Please transcribe the data below in full. Omit any picture you find in it.

(Records from a dataset)
* * * *
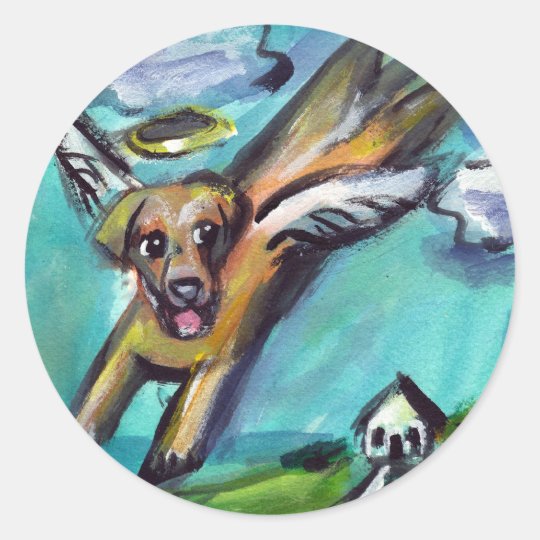 yellow labrador angel classic round sticker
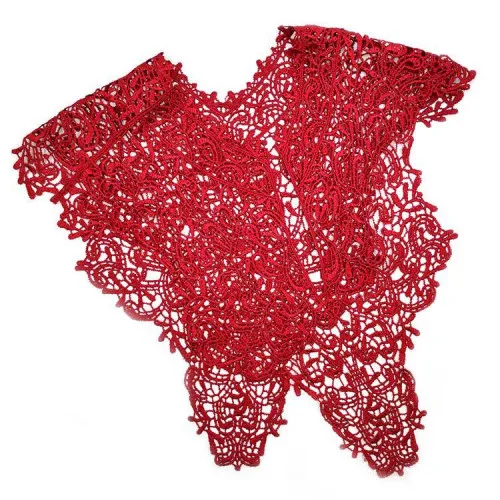 FFLACELL венецианское кружево Аппликация отделка мотив вышивка DIY ремесло для шитья ткань патч, аксессуары - Цвет: Wine red set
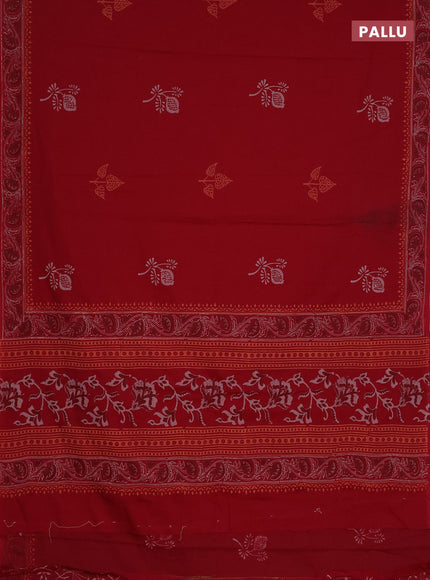 Cotton block printed saree maroon with butta prints and printed border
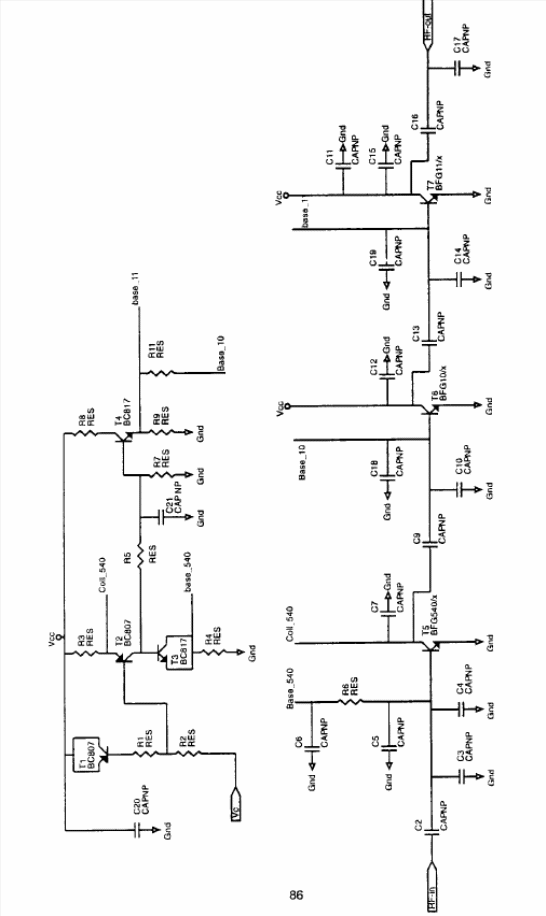 Figura 1 - Circuito do amplificador de 1,9 GHz com alimentação de 3 V.
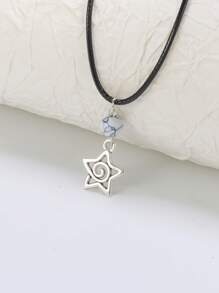1 pieza Collar con colgante de estrella espiral plateada Y2K, joyería estética como regalo para mujeres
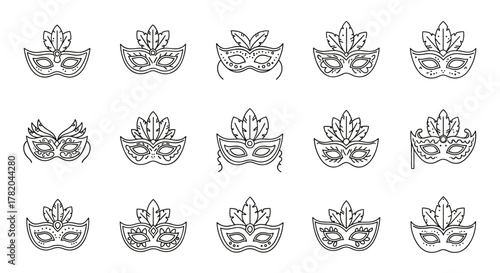 Collection of 15 Carnival Masks, Thin Line Icons, Editable Stroke, Suitable for Websites, Books, Cards, Apps, Vector Cartoon Illustration on White Background, Festive Masquerade Symbols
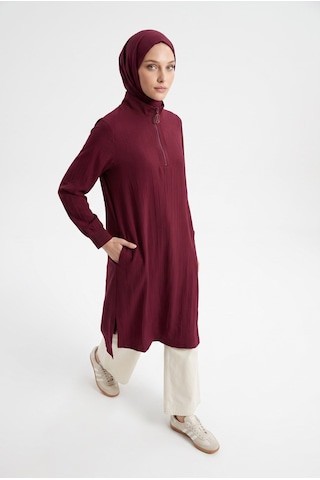 Armine Trend Yarım Fermuarlı Kolları Lastikli Çilek Kumaş Tunik Bordo 26yt462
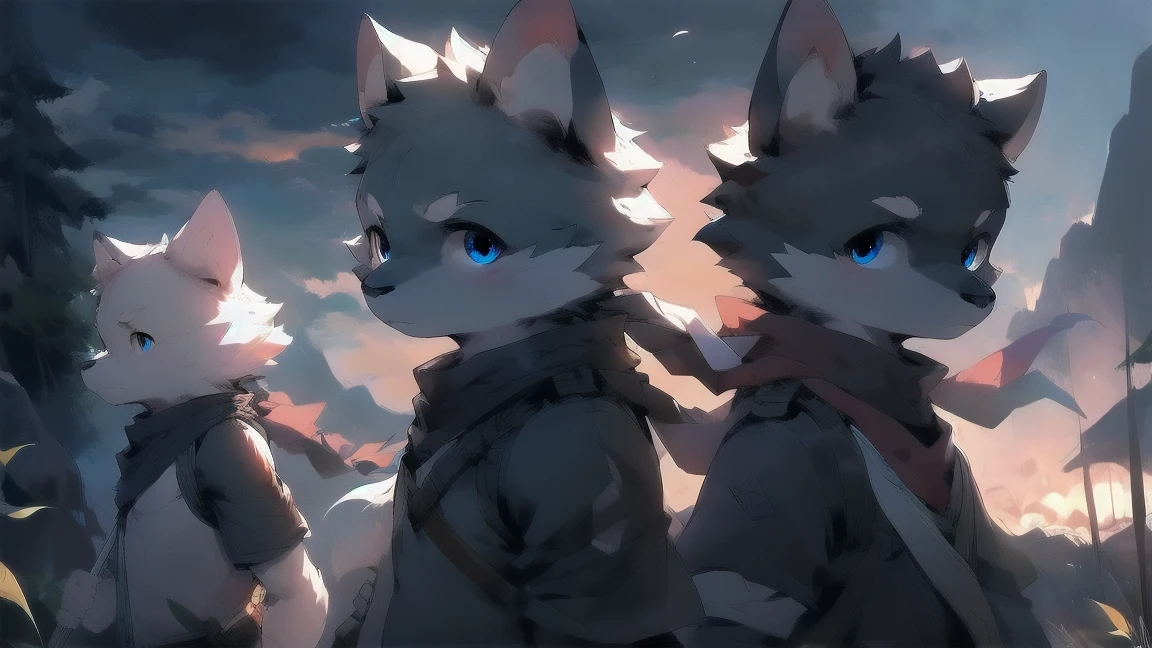 Wolf,juvenile,male,Gray-black fur,Sky blue eyes,Black combat uniform,scarf,Holding a long sword,scabbard,Draw the sword,permanent,The only one,dawn,illumination,Break,bust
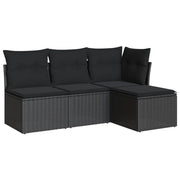 Set Divani da Giardino 4 pz | Set Salotto da Giardino con Cuscini Nero in Polyrattan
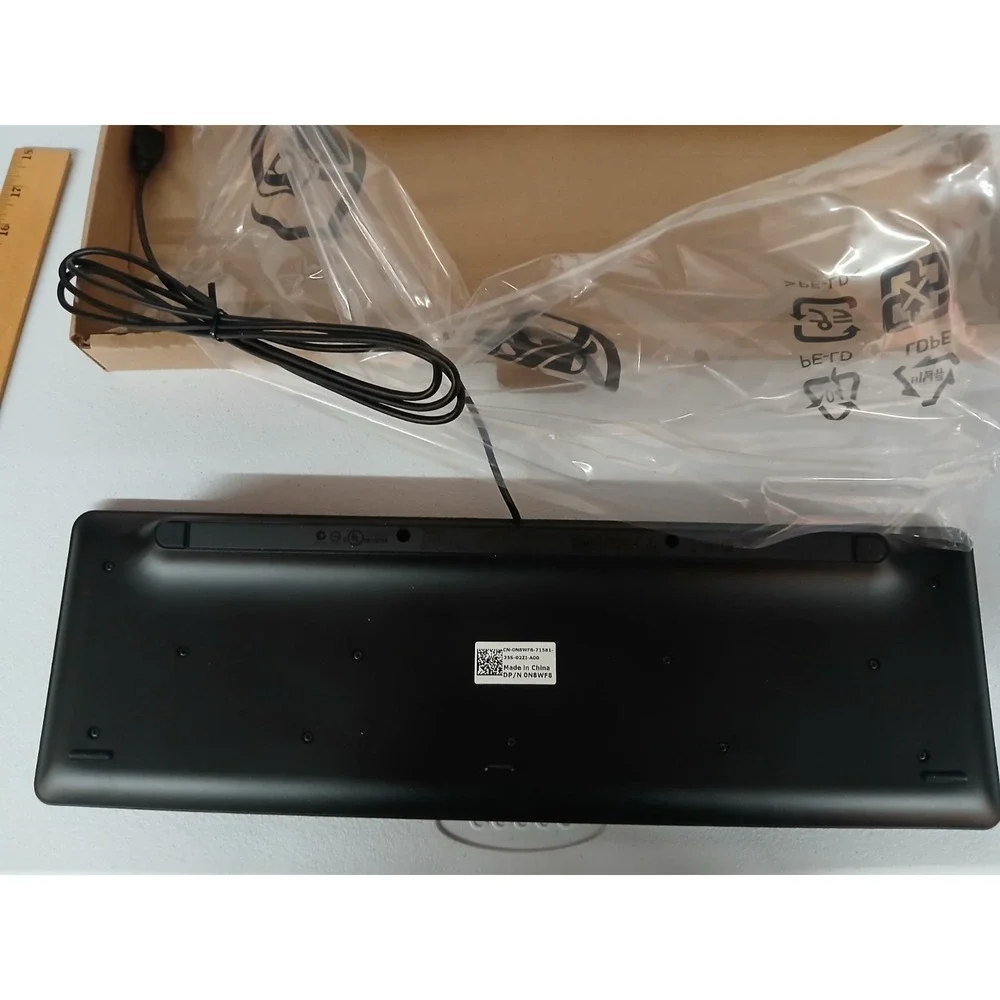 New-Dell Wired slip USB Black Keyboard‎ KG-1089 #1089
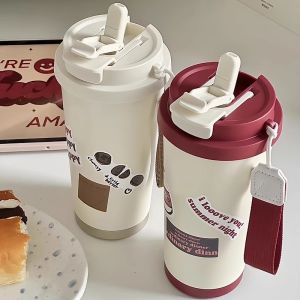 Retro Stainless Steel 316 Coffee Cup Portable Office Water Cup Cute Simple Design Straw Included Outdoor Thermos Beverage Cup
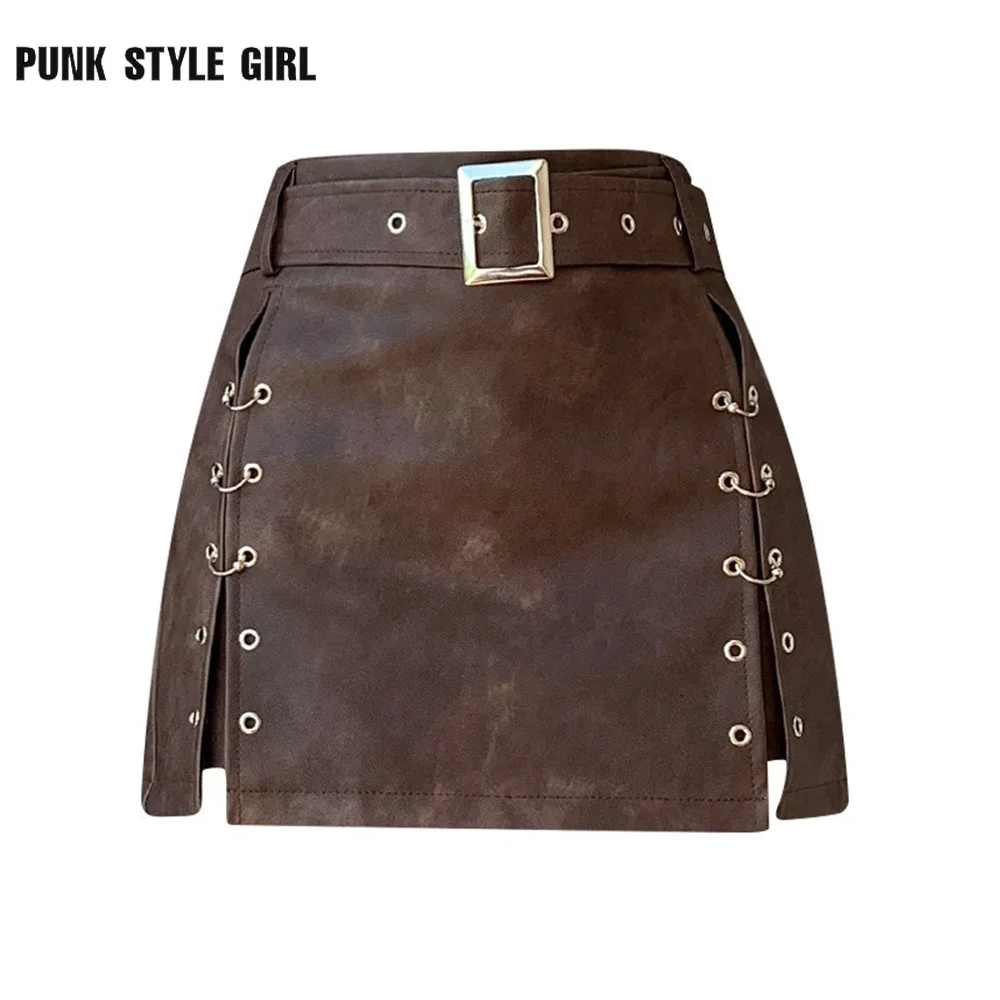 

2025 Women's Coffee A-line PU Leather Skirt Vintage Streetwear 90s Aesthetic Y2k Summer Harajuku Korean Mini Skirt 2000s Clothes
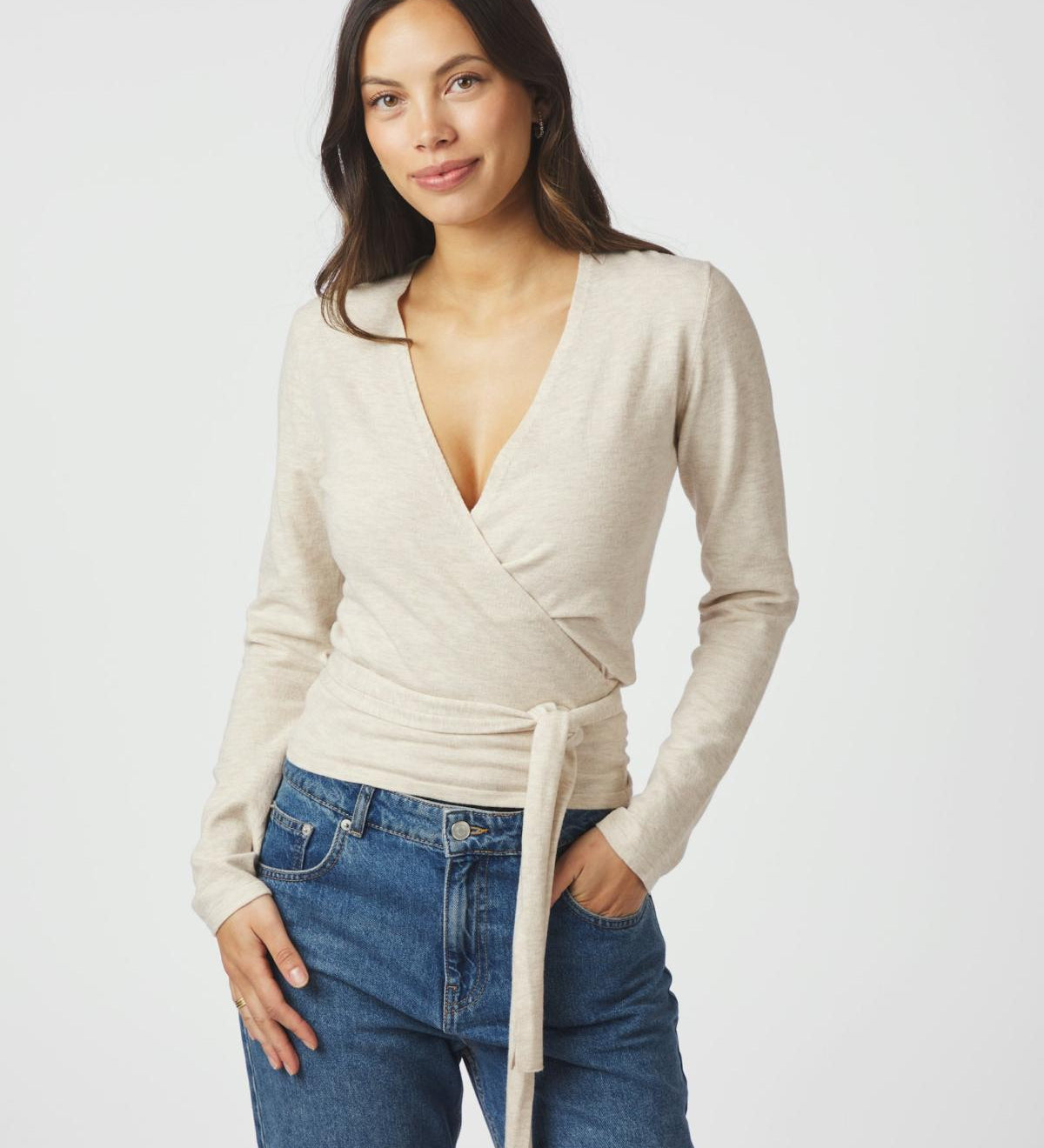 Tilfa knit wrap blouse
* * * *
• _Answer section_:
 yellow labrador angel classic round sticker
 FFLACELL венецианское кружево Аппликация отделка мотив вышивка DIY ремесло для шитья ткань патч, аксессуары - Цвет: Wine red set
 Cotton block printed saree maroon with butta prints and printed border
 Figura 1 - Circuito do amplificador de 1,9 GHz com alimentação de 3 V.
1 pieza Collar con colgante de estrella espiral plateada Y2K, joyería estética como regalo para mujeres
 Collection of 15 Carnival Masks, Thin Line Icons, Editable Stroke, Suitable for Websites, Books, Cards, Apps, Vector Cartoon Illustration on White Background, Festive Masquerade Symbols
 Armine Trend Yarım Fermuarlı Kolları Lastikli Çilek Kumaş Tunik Bordo 26yt462
 Wolf,juvenile,male,Gray-black fur,Sky blue eyes,Black combat uniform,scarf,Holding a long sword,scabbard,Draw the sword,permanent,The only one,dawn,illumination,Break,bust
 Set Divani da Giardino 4 pz | Set Salotto da Giardino con Cuscini Nero in Polyrattan
 New-Dell Wired slip USB Black Keyboard‎ KG-1089 #1089
 Retro Stainless Steel 316 Coffee Cup Portable Office Water Cup Cute Simple Design Straw Included Outdoor Thermos Beverage Cup

2025 Women's Coffee A-line PU Leather Skirt Vintage Streetwear 90s Aesthetic Y2k Summer Harajuku Korean Mini Skirt 2000s Clothes
 Tilfa knit wrap blouse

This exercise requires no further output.